■ **TASK DIRECTIONS**:
For the records below, output each line exactly as it appears, from the first through the line with "Model Oberkörperaufnahme, Produkt".

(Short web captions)
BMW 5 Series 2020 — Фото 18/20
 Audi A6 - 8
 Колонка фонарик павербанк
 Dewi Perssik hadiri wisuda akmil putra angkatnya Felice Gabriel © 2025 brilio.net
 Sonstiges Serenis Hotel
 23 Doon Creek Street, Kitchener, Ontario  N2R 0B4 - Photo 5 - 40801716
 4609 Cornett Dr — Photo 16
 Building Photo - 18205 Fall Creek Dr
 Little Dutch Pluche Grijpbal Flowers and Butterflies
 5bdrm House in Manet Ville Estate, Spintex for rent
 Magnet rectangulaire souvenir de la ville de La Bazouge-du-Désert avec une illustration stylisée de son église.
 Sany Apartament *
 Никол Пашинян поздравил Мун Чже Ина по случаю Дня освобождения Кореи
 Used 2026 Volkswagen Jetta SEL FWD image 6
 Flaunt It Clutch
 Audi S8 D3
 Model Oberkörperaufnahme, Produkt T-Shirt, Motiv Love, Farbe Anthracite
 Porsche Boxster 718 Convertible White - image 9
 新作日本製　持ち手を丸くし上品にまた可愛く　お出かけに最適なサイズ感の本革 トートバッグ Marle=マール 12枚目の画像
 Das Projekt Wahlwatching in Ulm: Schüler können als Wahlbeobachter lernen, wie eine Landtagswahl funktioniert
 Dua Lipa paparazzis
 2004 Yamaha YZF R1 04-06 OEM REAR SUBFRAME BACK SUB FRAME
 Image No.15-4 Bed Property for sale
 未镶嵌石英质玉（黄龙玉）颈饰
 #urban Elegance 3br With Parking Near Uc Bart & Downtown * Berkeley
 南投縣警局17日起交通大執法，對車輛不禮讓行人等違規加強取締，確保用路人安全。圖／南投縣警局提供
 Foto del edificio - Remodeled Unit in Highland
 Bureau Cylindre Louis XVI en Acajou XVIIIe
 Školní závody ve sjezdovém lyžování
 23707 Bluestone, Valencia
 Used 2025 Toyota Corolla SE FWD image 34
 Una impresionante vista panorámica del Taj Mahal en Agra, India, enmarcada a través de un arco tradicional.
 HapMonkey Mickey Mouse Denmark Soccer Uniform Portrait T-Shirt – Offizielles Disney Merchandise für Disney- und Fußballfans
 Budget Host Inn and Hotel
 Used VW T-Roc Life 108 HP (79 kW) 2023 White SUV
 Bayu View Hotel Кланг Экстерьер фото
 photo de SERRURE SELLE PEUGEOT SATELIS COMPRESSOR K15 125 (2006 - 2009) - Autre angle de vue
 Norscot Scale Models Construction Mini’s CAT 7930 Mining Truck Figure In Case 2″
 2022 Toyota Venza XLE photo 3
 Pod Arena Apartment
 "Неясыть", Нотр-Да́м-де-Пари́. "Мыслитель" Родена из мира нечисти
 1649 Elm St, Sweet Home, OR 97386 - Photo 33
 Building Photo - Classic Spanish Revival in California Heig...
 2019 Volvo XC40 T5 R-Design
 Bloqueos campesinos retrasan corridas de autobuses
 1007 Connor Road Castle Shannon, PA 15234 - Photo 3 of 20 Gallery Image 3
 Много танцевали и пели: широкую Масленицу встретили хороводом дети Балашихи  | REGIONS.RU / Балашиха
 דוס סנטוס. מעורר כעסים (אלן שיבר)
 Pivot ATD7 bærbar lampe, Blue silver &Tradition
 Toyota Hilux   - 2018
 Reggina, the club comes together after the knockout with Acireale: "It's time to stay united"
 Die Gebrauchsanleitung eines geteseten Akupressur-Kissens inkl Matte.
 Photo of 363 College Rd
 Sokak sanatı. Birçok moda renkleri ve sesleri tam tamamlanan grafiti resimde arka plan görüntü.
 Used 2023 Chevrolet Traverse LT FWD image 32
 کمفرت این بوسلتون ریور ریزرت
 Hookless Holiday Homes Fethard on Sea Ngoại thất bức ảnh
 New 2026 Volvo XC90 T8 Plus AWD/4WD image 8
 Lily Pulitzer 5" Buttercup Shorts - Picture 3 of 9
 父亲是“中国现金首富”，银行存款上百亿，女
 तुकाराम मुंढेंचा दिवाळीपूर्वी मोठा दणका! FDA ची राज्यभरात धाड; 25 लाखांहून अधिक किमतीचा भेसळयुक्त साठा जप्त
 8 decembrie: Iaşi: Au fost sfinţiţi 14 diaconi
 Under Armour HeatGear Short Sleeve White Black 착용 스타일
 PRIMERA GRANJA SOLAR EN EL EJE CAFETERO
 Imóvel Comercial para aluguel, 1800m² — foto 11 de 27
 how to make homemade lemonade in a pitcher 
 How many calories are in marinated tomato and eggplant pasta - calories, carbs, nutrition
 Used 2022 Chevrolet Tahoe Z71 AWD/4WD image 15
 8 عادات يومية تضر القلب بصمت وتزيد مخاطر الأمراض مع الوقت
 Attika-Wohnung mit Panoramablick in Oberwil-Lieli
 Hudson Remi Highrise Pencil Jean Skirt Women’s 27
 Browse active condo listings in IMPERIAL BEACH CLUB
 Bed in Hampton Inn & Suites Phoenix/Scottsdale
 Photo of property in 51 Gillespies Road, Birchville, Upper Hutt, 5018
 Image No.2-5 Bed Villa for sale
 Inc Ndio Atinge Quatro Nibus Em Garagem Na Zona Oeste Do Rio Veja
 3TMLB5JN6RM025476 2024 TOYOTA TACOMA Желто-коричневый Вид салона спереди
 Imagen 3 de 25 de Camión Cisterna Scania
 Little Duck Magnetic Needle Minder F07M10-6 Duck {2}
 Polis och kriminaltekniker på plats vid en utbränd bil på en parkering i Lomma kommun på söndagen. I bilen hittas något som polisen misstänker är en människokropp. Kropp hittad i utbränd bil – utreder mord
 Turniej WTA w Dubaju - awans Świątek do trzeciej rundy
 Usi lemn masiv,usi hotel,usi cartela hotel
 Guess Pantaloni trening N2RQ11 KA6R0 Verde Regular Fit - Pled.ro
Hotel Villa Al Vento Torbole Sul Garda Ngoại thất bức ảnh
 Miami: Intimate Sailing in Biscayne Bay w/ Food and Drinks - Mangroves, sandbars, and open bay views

■ **WRITTEN SOLUTION**:
BMW 5 Series 2020 — Фото 18/20
 Audi A6 - 8
 Колонка фонарик павербанк
 Dewi Perssik hadiri wisuda akmil putra angkatnya Felice Gabriel © 2025 brilio.net
 Sonstiges Serenis Hotel
 23 Doon Creek Street, Kitchener, Ontario  N2R 0B4 - Photo 5 - 40801716
 4609 Cornett Dr — Photo 16
 Building Photo - 18205 Fall Creek Dr
 Little Dutch Pluche Grijpbal Flowers and Butterflies
 5bdrm House in Manet Ville Estate, Spintex for rent
 Magnet rectangulaire souvenir de la ville de La Bazouge-du-Désert avec une illustration stylisée de son église.
 Sany Apartament *
 Никол Пашинян поздравил Мун Чже Ина по случаю Дня освобождения Кореи
 Used 2026 Volkswagen Jetta SEL FWD image 6
 Flaunt It Clutch
 Audi S8 D3
 Model Oberkörperaufnahme, Produkt T-Shirt, Motiv Love, Farbe Anthracite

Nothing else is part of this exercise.